Early studies have suggested skincare products containing CBD oil may be able to help combat some skin problems such as eczema and psoriasis. Facial moisturisers containing CBD have also had success combatting oily skin and acne. Experts do warn that the concentration of CBD oil may affect how much of an impact these products can have, with many emphasising that further studies are needed to fully understand the extent to which CBD may affect skin related ailments.
Used as a form of alternative or complementary therapy for thousands of years, medical studies have only recently begun identifying the potential benefits and side-effects using CBD oil can have. Although it is thought to have significant therapeutic properties, researchers are still looking to prove or disprove many of the claims surrounding the use of CBD oil.
Hemp-derived CBD oil is extracted from low-THC cannabis plants. This is the type of CBD sold over the counter in nutrition stores and supermarkets, added to lattes in cool coffee shops, and infused into luxe beauty products.
According to a study published online in March 2018 in the International Journal of Molecular Sciences, the physiological functions affected by cannabinoids include: ( 6 )
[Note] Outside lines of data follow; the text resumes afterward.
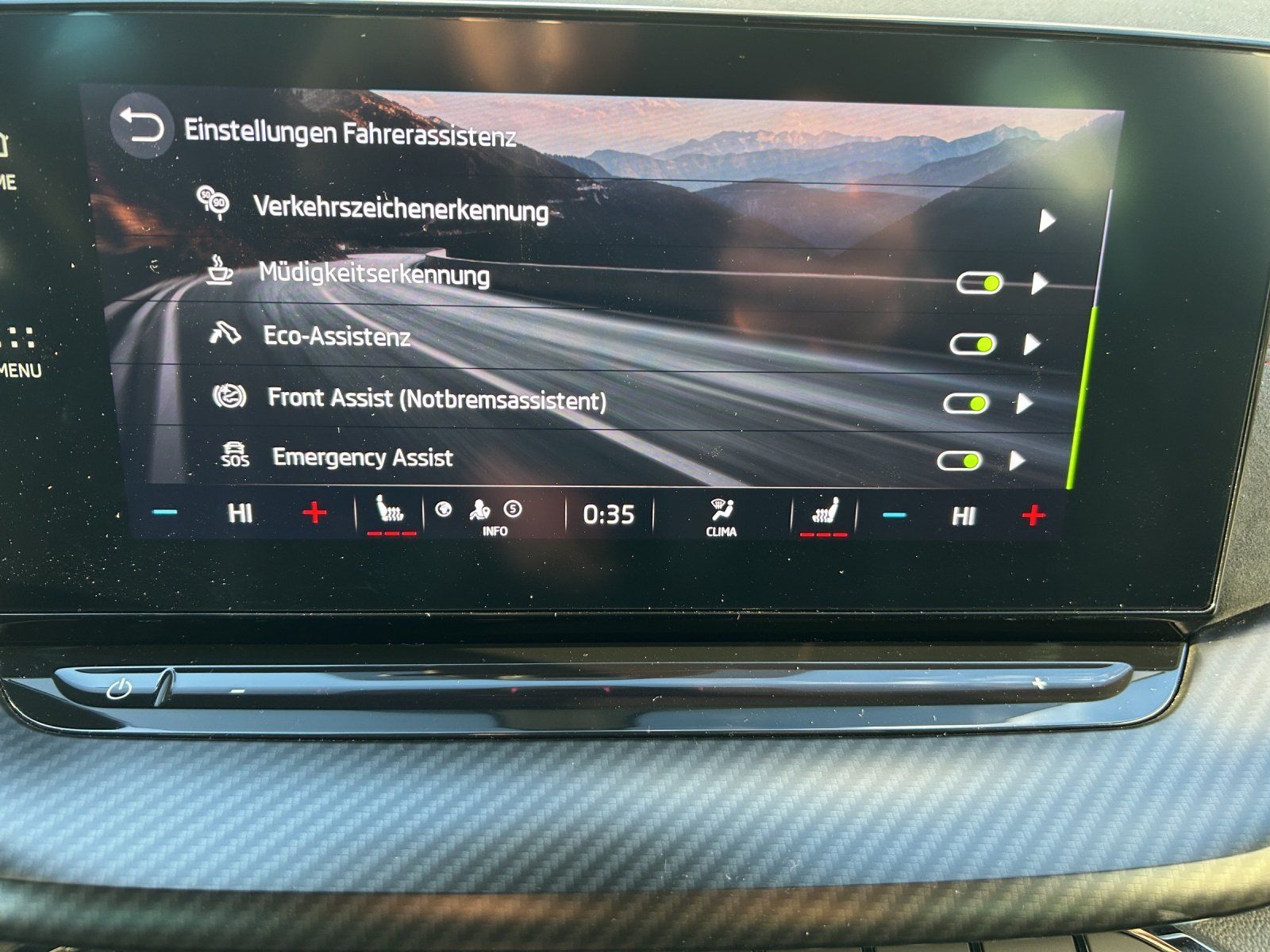 Fahrzeugabbildung SKODA Octavia Combi 2.0 TDI RS+/KAMERA/HUD/ACC/VIRTUAL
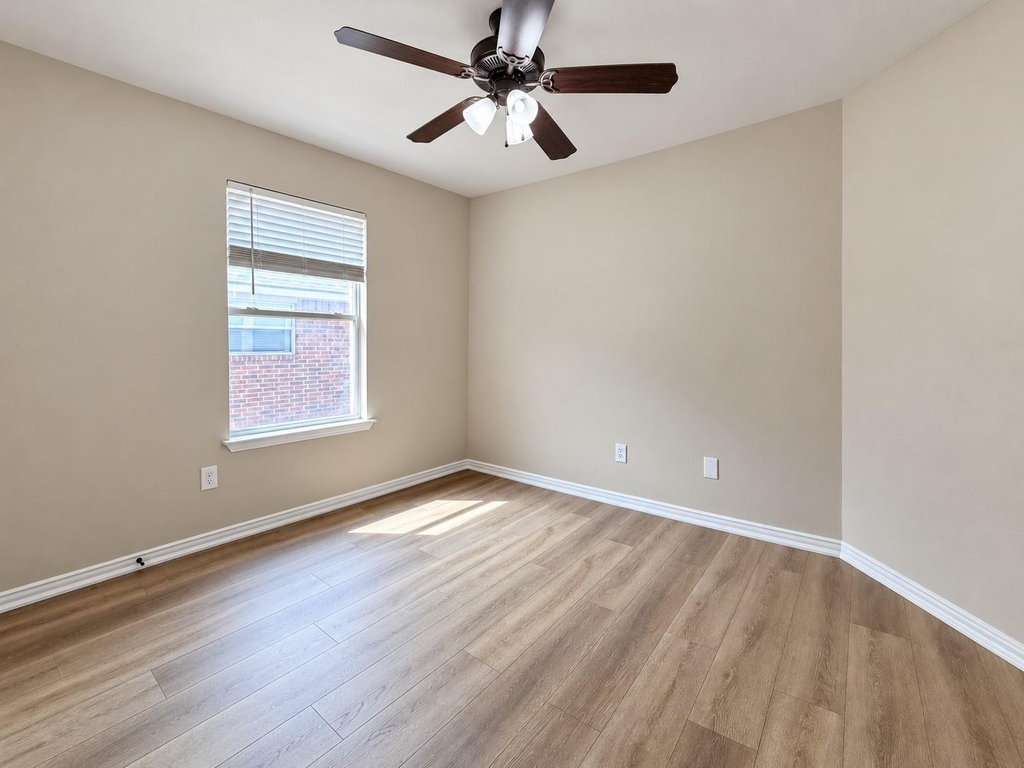 2417 Ericanna Ln - Photo 8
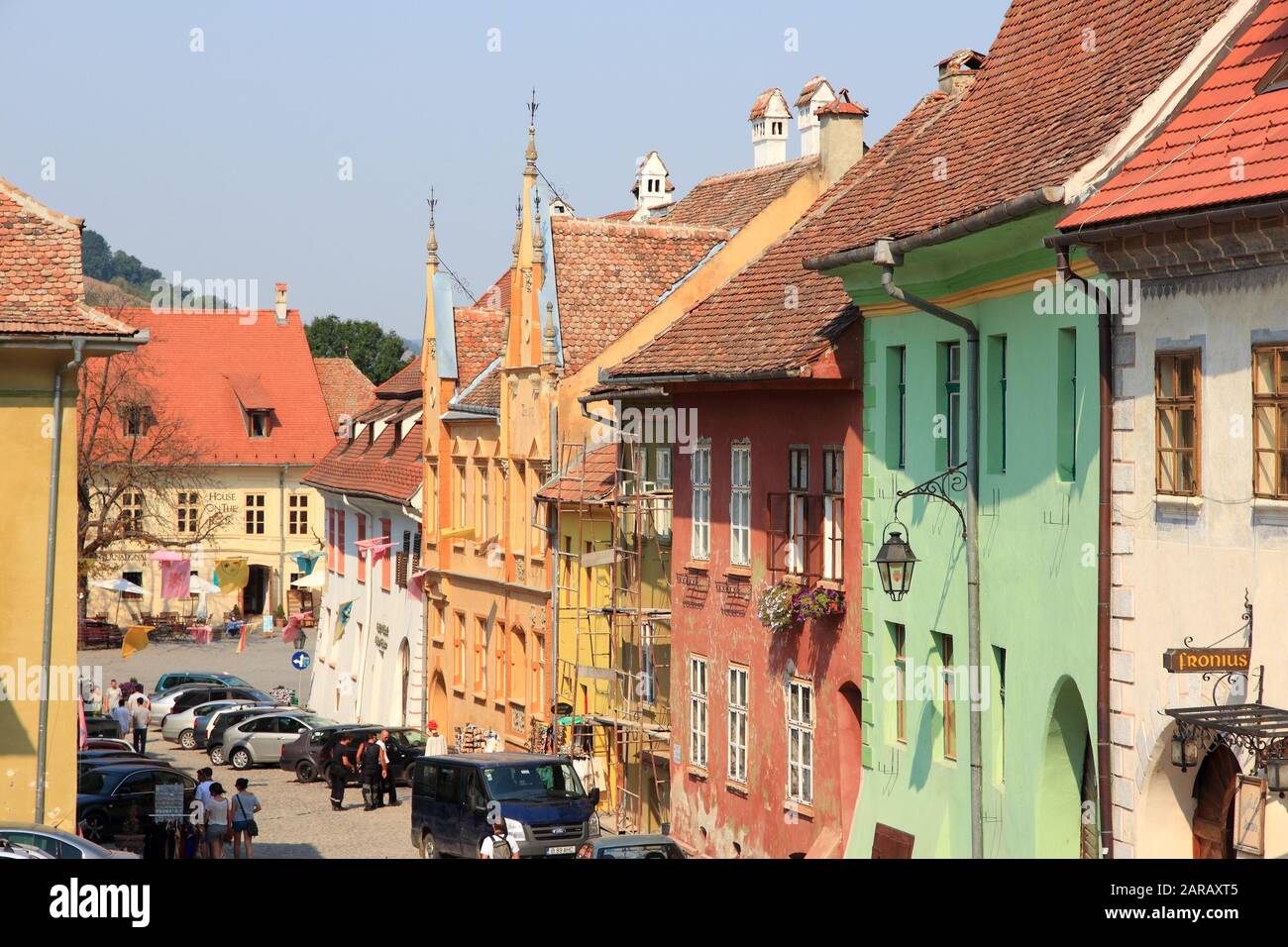SIGHISOARA, Romania - 25 agosto 2012: la gente visita città vecchia in Sighisoara, Romania. Sighisoara è un sito Patrimonio Mondiale dell'UNESCO e un popolare turismo Foto Stock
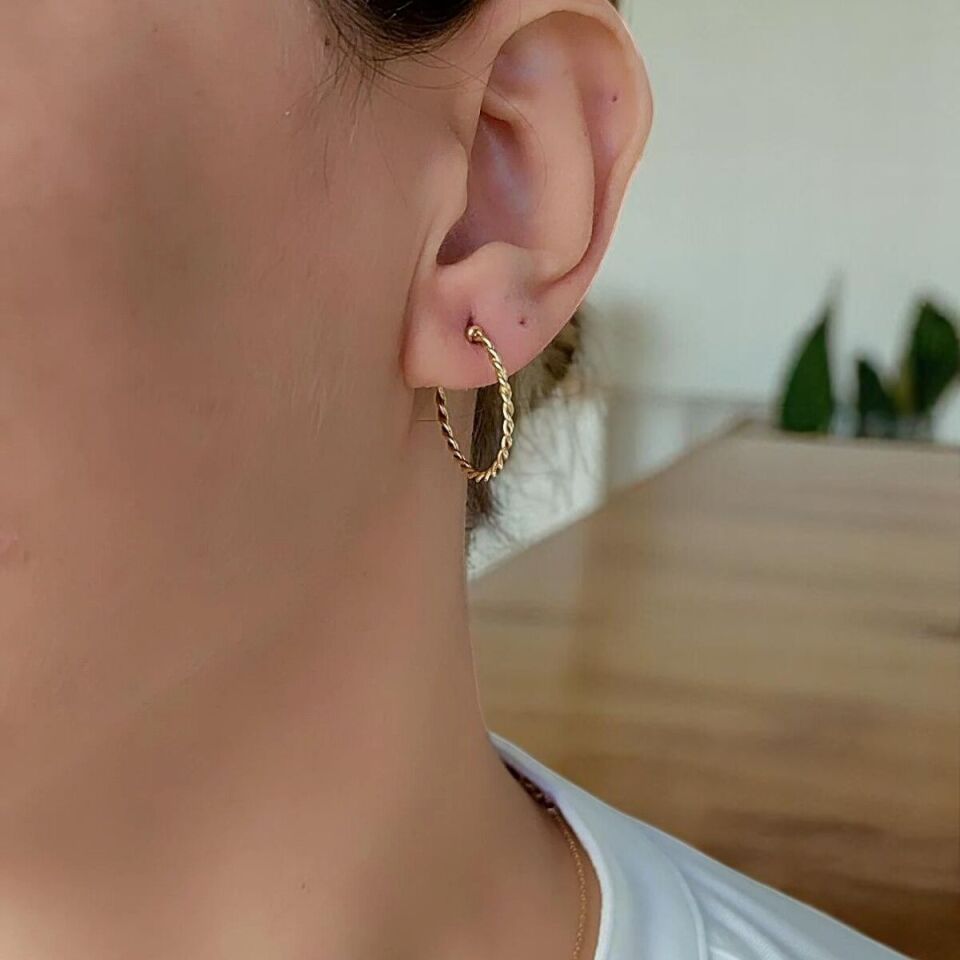 14 Ayar Burgu El Yapımı Halka Altın Küpe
Can You Get Stoned (or High) on CBD?
The trouble is there’s scant scientific evidence to support most of those claims, and there’s still a lot of uncertainty about CBD’s potential side effects and even its legality. “Cannabidiol is the No. 1 new treatment people are asking about,” says Susana Galle, PhD , a psychologist, clinical nutritionist, and certified naturopath in Washington, DC. “But although there’s tons of talk about it and lots of products out there, there’s still not much evidence.”
“I realized I really needed to do something different to change my life, that I could do something to stop my anxiety and change my life,” she recalls. That something turned out to be taking cannabidiol, aka CBD.
In a nutshell, CBD interacts with the endocannabinoid system, a large messaging network in your body that plays a key role in regulating many physiological functions. In fact, cannabinoids are so essential to good health that your brain actually produces its own cannabinoids.